- Your objective
Would you write out each line of the material below exactly, skipping every picture?

┌─ Given information

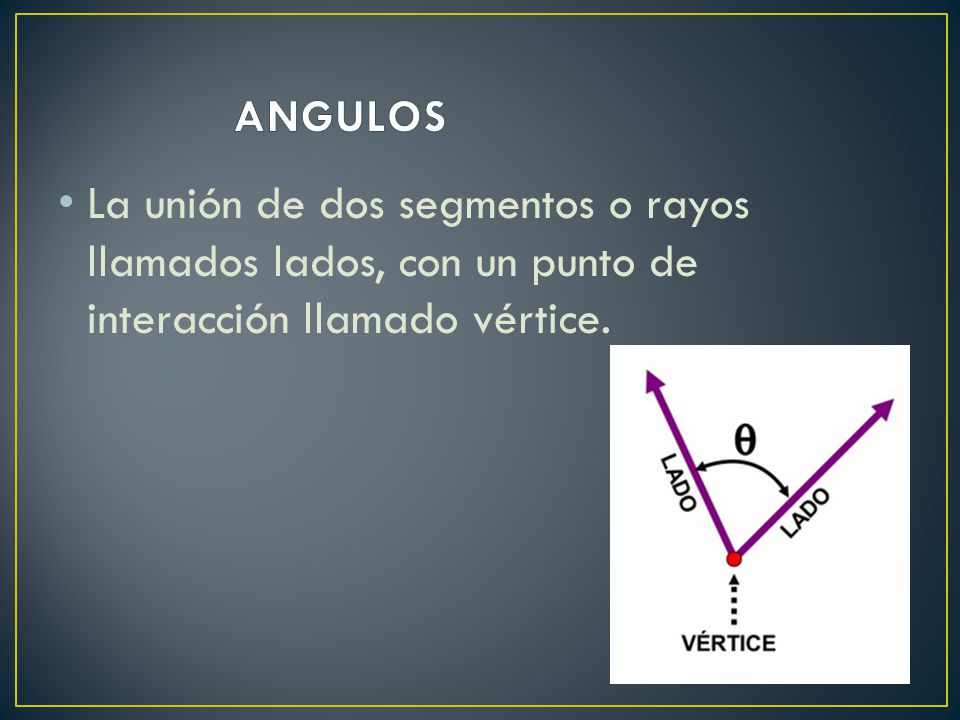 ANGULOS La unión de dos segmentos o rayos llamados lados, con un punto de interacción llamado vértice.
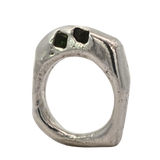 WORKSHOP RING No. 7- Silver, Raw Diamond, Green Sapphire, Ruby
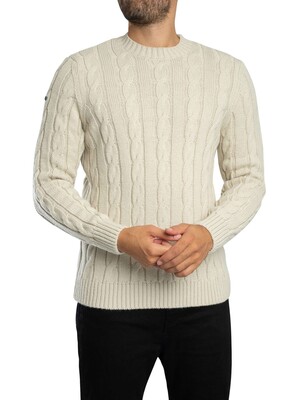 Superdry Jacob Cable Jumper - Ecru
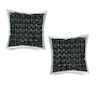 Black Cubic Zirconia Concave Square Stud Earrings in Sterling Silver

└─

- Task result
 ANGULOS La unión de dos segmentos o rayos llamados lados, con un punto de interacción llamado vértice.
 WORKSHOP RING No. 7- Silver, Raw Diamond, Green Sapphire, Ruby
 Superdry Jacob Cable Jumper - Ecru
 Black Cubic Zirconia Concave Square Stud Earrings in Sterling Silver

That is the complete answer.